Toda a linguagem do romance, e, em certa medida, mesmo o discurso do narrador, é vazada em uma linguagem misto de singeleza e concisão, mas sobretudo de um tom por vezes solene, ou, pelo menos, épico.
Como em outras de suas obras, a adjetivação é farta e delicada: "Sua mão sutil urdia com o alvo fio do crauatá a fina penugem escarlate."
A comparação, segundo Alencar o modo normal da linguagem indígena, é a principal figura, seguida pela prosopopéia: "A copa frondosa ramalhou, como as palmas do coqueiro ao sopro do vento, e o tronco gemeu até à raiz."
As metáforas são, na maioria, de extração, digamos, indígena: "Mas o sol três vezes guiou o passo rápido do caçador através das campinas..."

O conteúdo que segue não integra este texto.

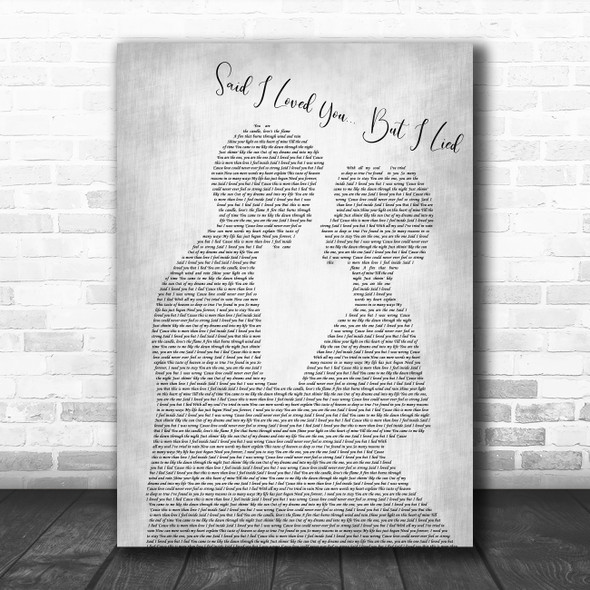 Michael Bolton Said I Loved You... But I Lied Bride Groom Grey Song Lyric Print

A idealização, própria do Romantismo, além do caráter heróico e superior das personagens centrais - são todos caciques e filhos de caciques – está também na visão de uma sociedade ritualística de pensamento altamente complexo.
O autor:
Nasceu em Mecejana (CE), perto de Fortaleza, no ano de 1829 e morreu no Rio de Janeiro em 1877. Filho de senador, bem menino vem morar no Rio de Janeiro, onde inicia-se sua educação. Em São Paulo, ingressa na Faculdade de Direito, mas vai continuar o curso em Olinda (PE), com nova interrupção, para terminá-lo em São Paulo. No tempo de estudante escreveu uma novela (Os contrabandistas), que se perdeu. Formado, começou a advogar no Rio de Janeiro. Logo, porém, o gosto da literatura substituiu o direito. Neste tempo começa sua colaboração (Ao correr da pena) no Correio Mercantil. Nunca mais parou de escrever. Em 1860, morto o pai, ingressa na política elegendo-se deputado pelo Ceará. Atinge o alto cargo de Ministro da Justiça do governo conservador de D. Pedro II.
Desgostoso com o Imperador, abandona a política, para a qual, na realidade, não era grande sua vocação. Foi político conservador, sobretudo na questão do abolicionismo, que desejava lento e gradual.
Seus romances podem ser agrupados em: regionalistas, urbanos, indianistas e históricos.